- [What is required] In the data below, find each line that contains the word "with" and copy it.

_ _ _

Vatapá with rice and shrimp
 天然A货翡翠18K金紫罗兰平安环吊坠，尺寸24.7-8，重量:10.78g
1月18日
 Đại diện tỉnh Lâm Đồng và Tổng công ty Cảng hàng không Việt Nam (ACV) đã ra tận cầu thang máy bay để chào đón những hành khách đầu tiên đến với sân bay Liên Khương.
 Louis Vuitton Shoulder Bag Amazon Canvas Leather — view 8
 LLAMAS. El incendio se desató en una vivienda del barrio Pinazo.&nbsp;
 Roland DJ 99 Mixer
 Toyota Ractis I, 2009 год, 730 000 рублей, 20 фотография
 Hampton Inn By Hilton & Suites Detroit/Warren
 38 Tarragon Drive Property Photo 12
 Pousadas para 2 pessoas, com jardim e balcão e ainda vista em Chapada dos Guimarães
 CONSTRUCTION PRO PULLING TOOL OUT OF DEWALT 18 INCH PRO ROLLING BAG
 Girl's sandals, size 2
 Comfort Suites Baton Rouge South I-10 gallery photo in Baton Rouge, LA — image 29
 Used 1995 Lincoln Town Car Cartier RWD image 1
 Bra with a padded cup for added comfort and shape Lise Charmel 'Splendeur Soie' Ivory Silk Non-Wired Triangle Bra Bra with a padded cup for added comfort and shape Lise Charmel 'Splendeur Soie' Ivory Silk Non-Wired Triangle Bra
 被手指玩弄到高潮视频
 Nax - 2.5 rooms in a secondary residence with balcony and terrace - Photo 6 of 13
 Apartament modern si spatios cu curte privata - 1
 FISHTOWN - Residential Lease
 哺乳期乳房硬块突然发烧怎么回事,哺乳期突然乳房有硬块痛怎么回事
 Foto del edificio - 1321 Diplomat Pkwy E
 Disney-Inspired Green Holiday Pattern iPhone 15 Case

_ _ _

- [Answer space]
Vatapá with rice and shrimp
 Bra with a padded cup for added comfort and shape Lise Charmel 'Splendeur Soie' Ivory Silk Non-Wired Triangle Bra Bra with a padded cup for added comfort and shape Lise Charmel 'Splendeur Soie' Ivory Silk Non-Wired Triangle Bra
 Nax - 2.5 rooms in a secondary residence with balcony and terrace - Photo 6 of 13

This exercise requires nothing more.